Technology, Policy and Disability: "A perspective from the user"


Manuel Lobato (Spain)
E-mail address: manuel.lobato@lgr.servicom.es


As I was preparing this paper, I remembered the story of Koldo. Koldo was a citizen of the European Union who, since being diagnosed with Amiotrophic Lateral Sclerosis (ALS) had lived his life in a wheelchair. Eventually, his computer became an indispensable tool to replace more conventional forms of human communication. His life, characterized by his indomitable will to live, was cut short by pneumonia. While in hospital, he was unable to tell anyone that the position of his head prevented him from breathing properly. Only the unexpected visit of the occupational therapist who had been working with him in the city of Vitoria enabled him to communicate this difficulty and get some relief. That same day he died.

Olga also comes to mind. In spite of her youth she has already written a book about her experiences fighting ALS. Her bedroom is like an Intensive Care Unit installed in her parents home with her family performing all of the functions of the health workers, on duty round the clock. Up till now, only her mother was able to understand her barely legible scribbles. Her severe motor difficulties as well as extreme vision problem make it difficult to provide her with a technological tool which could enable her to communicate. As time goes by her mother finds it increasingly difficult to understand her and we all get more and more nervous.
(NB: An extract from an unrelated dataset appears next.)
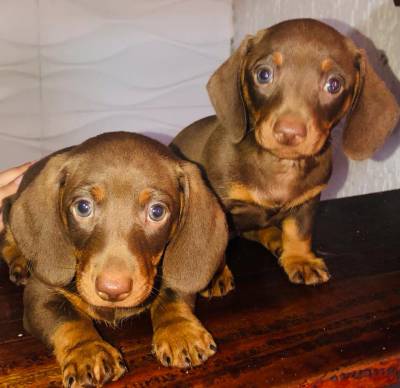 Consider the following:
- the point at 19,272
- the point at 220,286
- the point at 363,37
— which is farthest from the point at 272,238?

I also recall the many children who don't have access to the technological tools or health care workers that would provide them with the autonomous movement so necessary from an early age. Without this help these children grow up with severe deficits in their personal development. In the future people will say that in addition to their physical, psychological or sensory deficits they also have developmental disability.

In extension, I think in millions of european citizens that haven't a dignified quality of life, an access to a dignified qualitative education, a job, to travel o simply relax. Many of them are suffering because they know their disabilities are affecting to family and friends.

Probably everyone has heard, at onetime or another, on the radio, television or through the press, of the European Union but for most of us, the concept of a Europe of Citizens is still meaningless.

At the present time there are many handicapped people, including myself, for whom the simultaneous and/or complementary role of technology and personal assistance is the only guarantee of an independent life in which we can make our own decisions. Any policy regarding the disabled, especially on the European level, should be based on the recognition of the civil rights of all disabled people and that discrimination should be penalized as is the case when a member state exceeds, for example, its designated quota of milk production.

This recognition of civil rights, currently a weak and virtually non-existent practice should insure, among other things, that disabled people have access to the technology they need in order to achieve the level of personal dignity which distinguishes us as Europeans, form other regions of the planet.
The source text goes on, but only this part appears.